--- ASSIGNMENT ---
In the records below, the relevant part opens with the line containing "2009 Nissan X-Trail" and closes with the line containing "website screenshot of"; print that part exactly and only, without its pictures.

--- INFORMATION SHOWN ---
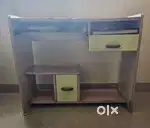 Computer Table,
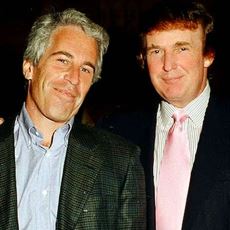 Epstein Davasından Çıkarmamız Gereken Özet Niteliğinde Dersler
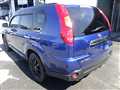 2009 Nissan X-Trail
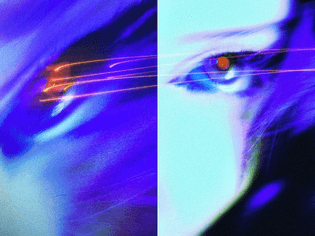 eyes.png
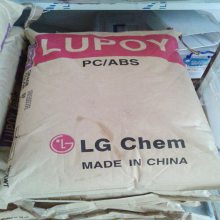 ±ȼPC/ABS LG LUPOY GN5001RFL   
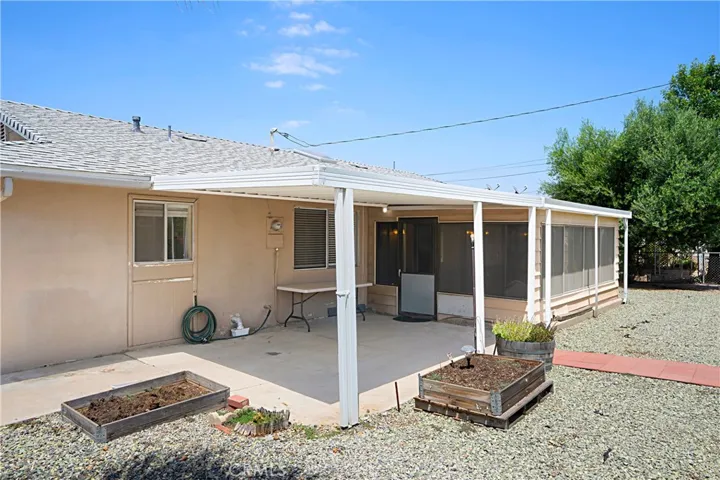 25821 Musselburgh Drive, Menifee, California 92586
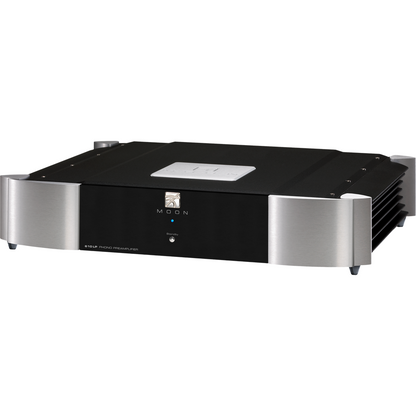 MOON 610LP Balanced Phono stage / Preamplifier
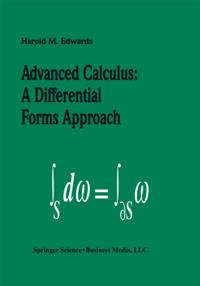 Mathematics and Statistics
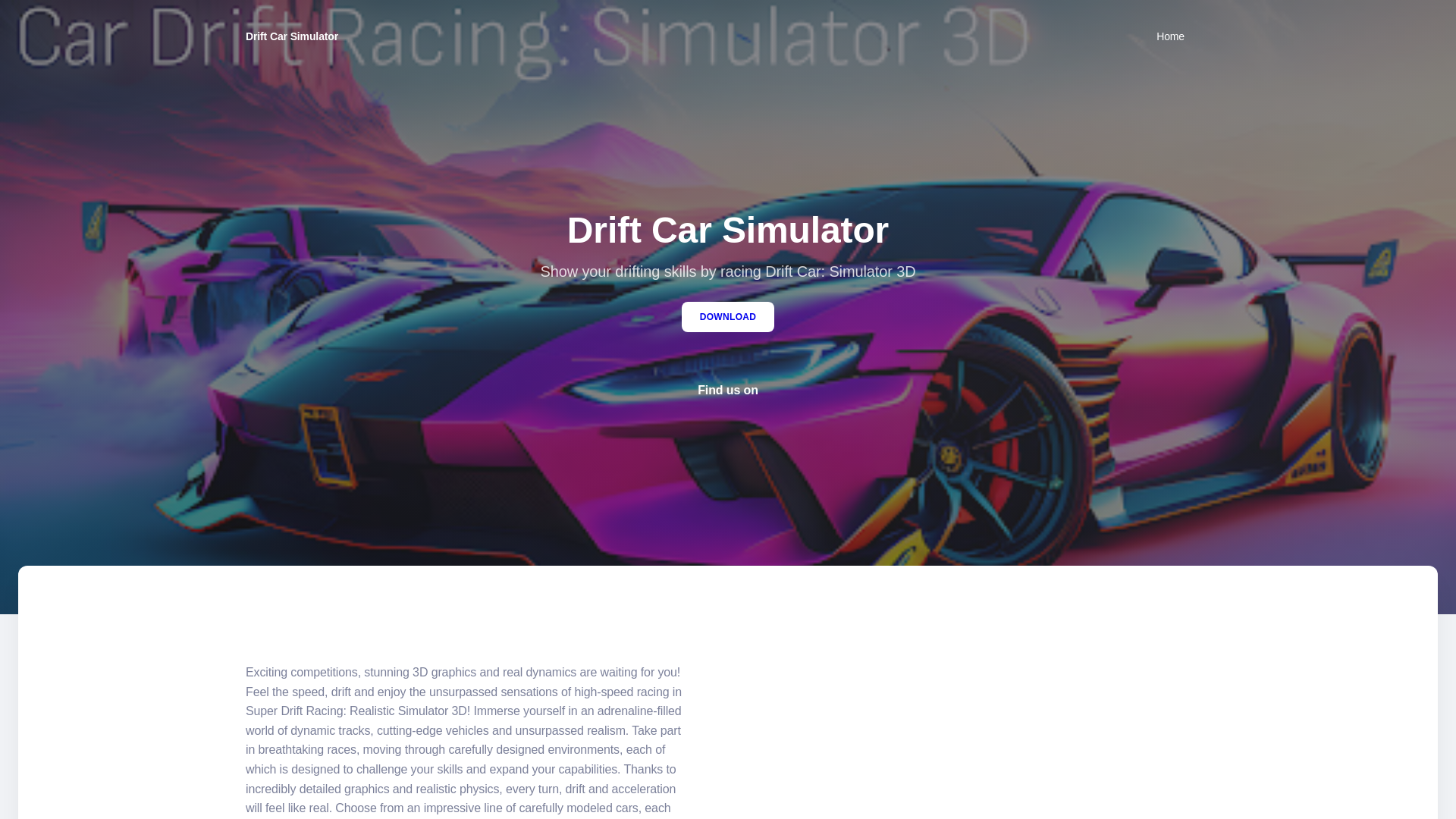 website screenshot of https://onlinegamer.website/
...
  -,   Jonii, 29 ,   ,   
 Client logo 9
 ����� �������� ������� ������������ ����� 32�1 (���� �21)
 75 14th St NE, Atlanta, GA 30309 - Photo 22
==
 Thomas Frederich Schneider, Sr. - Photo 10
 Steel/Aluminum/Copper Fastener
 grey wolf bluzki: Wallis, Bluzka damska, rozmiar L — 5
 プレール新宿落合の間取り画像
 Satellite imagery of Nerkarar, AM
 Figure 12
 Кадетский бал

--- RESULT FOR THIS TASK ---
 2009 Nissan X-Trail
 eyes.png
 ±ȼPC/ABS LG LUPOY GN5001RFL   
 25821 Musselburgh Drive, Menifee, California 92586
 MOON 610LP Balanced Phono stage / Preamplifier
 Mathematics and Statistics
 website screenshot of https://onlinegamer.website/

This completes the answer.